§ **Required work**
The listing below should be printed again word for word, without any images.

§ **Given information**
──────────────────────────────

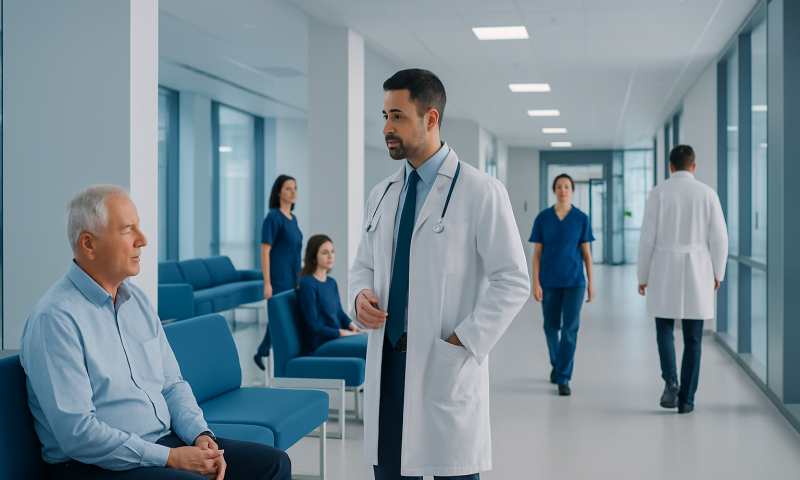Doctor consulting with elderly patient in hospital corridor.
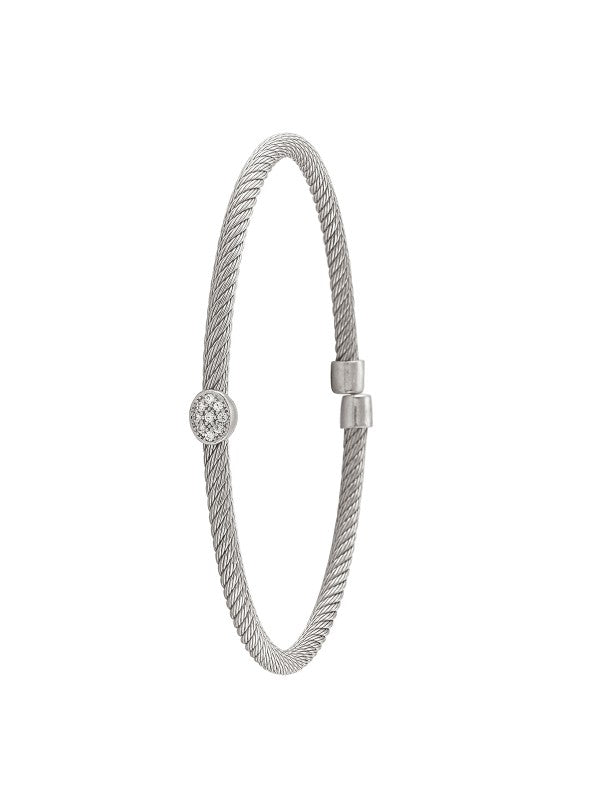 Ladies Silver Mesh Design Opening Style Bangle With a Cubic Zirconia Bezel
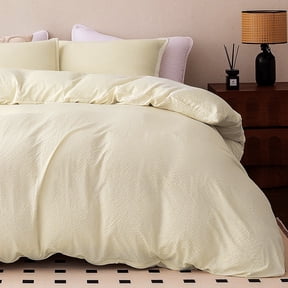 Sleep Zone Seersucker Duvet Cover Set Queen, Soft Breathable Bedding Set, Wrinkle Resistant, Modern Textured, All Season Use (Beige, Queen)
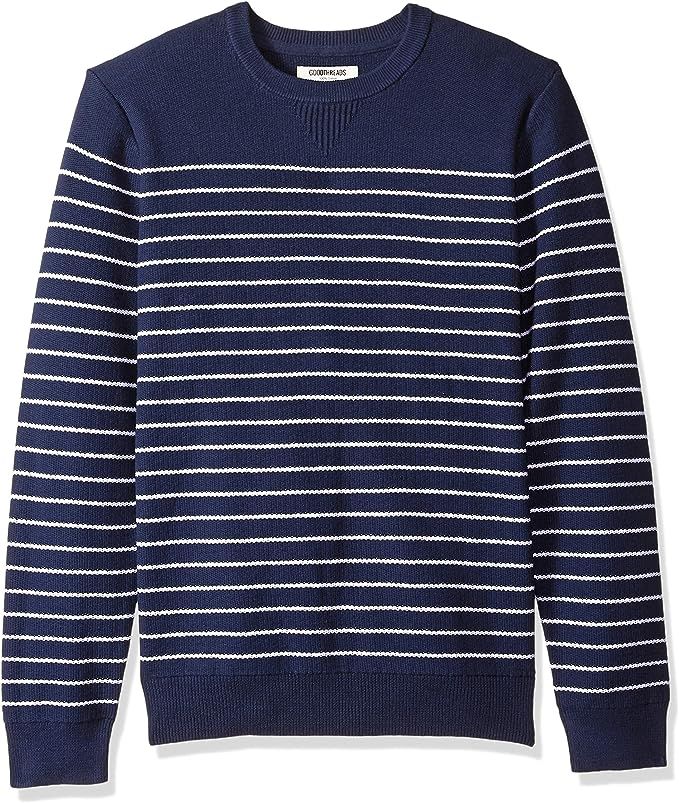 Amazon Brand - Goodthreads Men's Soft Cotton Multi-Color Striped Crewneck Sweater | Amazon (US)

──────────────────────────────

§ **Response to the task**
Doctor consulting with elderly patient in hospital corridor.
 Ladies Silver Mesh Design Opening Style Bangle With a Cubic Zirconia Bezel
 Sleep Zone Seersucker Duvet Cover Set Queen, Soft Breathable Bedding Set, Wrinkle Resistant, Modern Textured, All Season Use (Beige, Queen)
 Amazon Brand - Goodthreads Men's Soft Cotton Multi-Color Striped Crewneck Sweater | Amazon (US)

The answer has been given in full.